Baru-baru ini Universitas Negeri Makassar (UNM) kembali digegerkan dengan kabar adanya kasus kekerasan seksual di kampus, kendati pun kasus ini terjadi tahun 2020 yang lalu. Perilaku biadab ini justru dilakukan oleh orang-orang terdekat lingkungan kita seperti teman seangkatan, senior bahkan dosen yang mestinya menjadi figur tauladan. Hasil pengumpulan data yang diperoleh Tim Estetikapers Fakultas Bahasa dan Sastra (FBS) UNM pada 18 April-14 Juni 2021 terdapat 38 kasus kekerasan seksual, di mana sebanyak 31 kasus melibatkan mahasiswa, 4 kasus dilakukan oleh oknum dosen dan 3 kasus di antaranya tidak merincikan pelaku. Jenis kekerasan seksual pun beragam, mulai dengan cara menyentuh fisik tanpa izin sebanyak 26 kasus, 15 kasus berupa cat calling (ucapan, siulan, pujian, yang bernuansa seksual), dan 14 kasus jokes sexist (candaan bernuansa seksual).

Bukan tidak mungkin, banyak kasus-kasus lainnya yang belum muncul ke permukaan. Dengan maraknya kasus kekerasan seksual terutama yang menyasar perempuan, sudah seharusnya masalah ini kita soroti bersama. Apa yang menyebabkan kasus kekerasan seksual masih tetap langgeng hingga saat ini? Menurut penulis, ada dua hal pelanggeng kekerasan seksual pada institusi perguruan tinggi sebagai berikut.

Penyelesaian Kasus yang Keliru
Tiap kasus kekerasan seksual, selalu saja menempatkan ‘perempuan’ sebagai sosok yang disalahkan. Sebagian di antara kita lebih memilih membangun stigma yang pro terhadap pelaku dibanding korban dengan anggapan perempuan lah yang menggoda atau memancing suasana, bahkan perempuan disebut ‘menikmati’ pelecehan tersebut. Kondisi ini memaksa korban memilih diam, takut melaporkan karena dihantui stigma-stigma buruk di sekitarnya. Kondisi dilematis yang dialami korban membuatnya bungkam, apalagi melaporkannya ke pihak kepolisian.
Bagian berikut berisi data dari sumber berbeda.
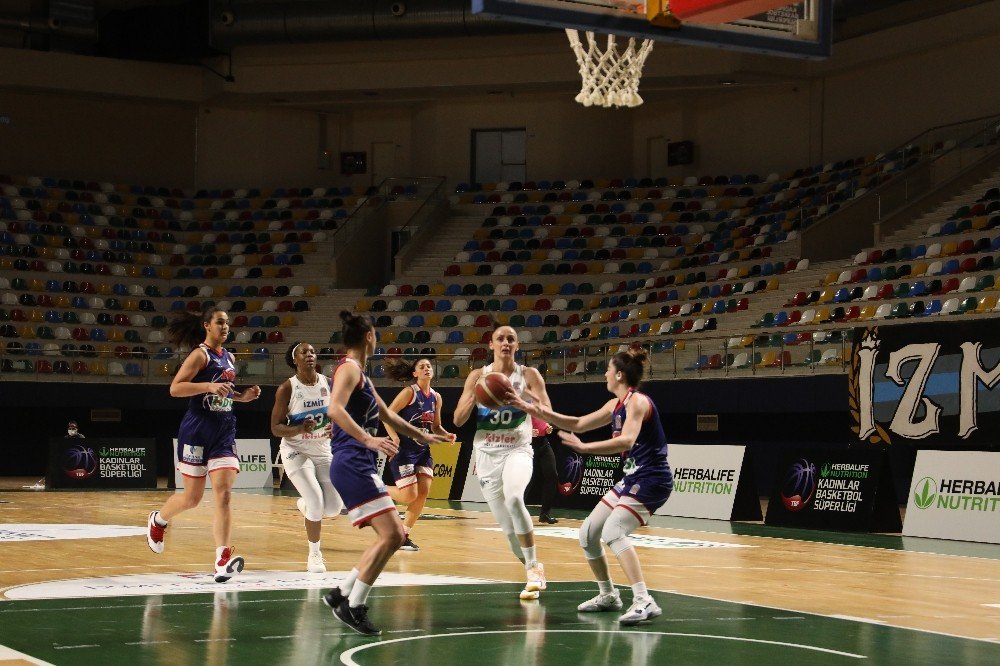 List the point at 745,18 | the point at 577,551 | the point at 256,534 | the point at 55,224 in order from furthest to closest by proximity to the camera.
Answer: the point at 55,224, the point at 256,534, the point at 577,551, the point at 745,18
Sering kali penyelesaian kasus kekerasan seksual ditangani dengan abal-abal (asal selesai), tidak berimbang dan berujung damai, seperti penyelesaian kasus secara kekeluargaan atau internal kampus yang justru semakin menjauhkan korban dari keadilan. Hal ini disebabkan pelaku kekerasan memiliki otoritas, jabatan, pengaruh dan bentuk sumber kekuatan lainnya yang semakin menekan dan membawa ketakutan bagi korban. Seperti kasus Meliana, seorang mahasiswi STMIK Primakara Bali yang dengan terpaksa menuruti hawa nafsu dosennya karena tidak punya pilihan lain pada saat kejadian. Ketimpangan ‘relasi kuasa’ ini betul-betul memenjarakan korban. Penyelesaian kasus secara kekeluargaan tidak hanya membawa kerugian, tetapi juga akan menambah daftar korban kekerasan seksual berikutnya serta membawa angin segar bagi pelaku. Teramat disayangkan, sebab semuanya dilakukan untuk menyelamatkan nama baik kampus dan demi melindungi citra pelaku yang berasal dari dosen serta oknum mahasiswa. Situasi ini benar-benar menambah ketidakadilan bagi korban.
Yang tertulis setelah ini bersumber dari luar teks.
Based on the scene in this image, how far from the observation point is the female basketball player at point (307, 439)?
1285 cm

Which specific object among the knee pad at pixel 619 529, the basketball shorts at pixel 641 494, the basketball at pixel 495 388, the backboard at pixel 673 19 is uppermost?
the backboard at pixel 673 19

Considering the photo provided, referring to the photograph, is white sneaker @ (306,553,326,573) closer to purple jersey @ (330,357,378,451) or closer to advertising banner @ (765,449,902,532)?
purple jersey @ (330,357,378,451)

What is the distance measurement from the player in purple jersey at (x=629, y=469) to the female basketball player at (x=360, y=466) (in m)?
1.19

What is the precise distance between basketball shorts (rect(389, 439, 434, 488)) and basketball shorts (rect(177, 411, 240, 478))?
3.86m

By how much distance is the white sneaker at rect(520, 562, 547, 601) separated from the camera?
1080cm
Mirisnya, saat satu-persatu kasus kekerasan terungkap ke publik, rektorat kampus dan lembaga kemahasiswaan terkesan berlomba menutupinya serapat mungkin. Sementara, di saat yang sama, mereka juga mendukung kampus yang aman dari kekerasan seksual. Padahal, menyembunyikan kasus ini sama halnya memberikan ruang bagi pelaku untuk melanjutkan profesinya sebagai predator seksual, bukan hanya ke korban yang sama, tetapi juga ke korban yang baru. Tentu kenyataan ini jauh dari harapan kita semua, di mana pelaku mestinya diberhentikan dan diadili.

Jikalau pun pada akhirnya kasus kekerasan seksual diselesaikan secara damai (permintaan maaf pelaku), bukan berarti kasus ini seketika dianggap selesai. Bagaimana pun, proses hukum kasus kekerasan seksual tetap harus berjalan sampai korban menemui keadilan. Kasus-kasus kekerasan seksual di mana pun dan siapa pun yang menjadi korbannya, sudah seharusnya menyadarkan kita semua selaku sivitas akademik, agar lebih peduli terhadap korban serta menjadikan kasus-kasus serupa sebagai keresahan bersama serta mulai menyuarakannya.

Ketidakberpihakan Birokrasi Kampus
Sistem perguruan tinggi di Indonesia yang bersifat otonom menyebabkan permasalahan-permasalahan kemahasiswaan diserahkan ke otoritas kampus masing-masing. Berkaca pada besarnya potensi terjadinya kekerasan seksual di UNM, pembuatan peraturan rektor nampaknya sangat dibutuhkan dalam pencegahan, pelayanan dan penanganan kasus kekerasan seksual di kampus. Hal demikian dilakukan sebab beberapa kasus tidak sepenuhnya tuntas atau tidak membawa keadilan bagi korban, seperti kasus malang yang dialami salah satu mahasiswi FBS UNM, di mana oknum dosen hanya disanksi skorsing ‘sementara’ selama satu semester.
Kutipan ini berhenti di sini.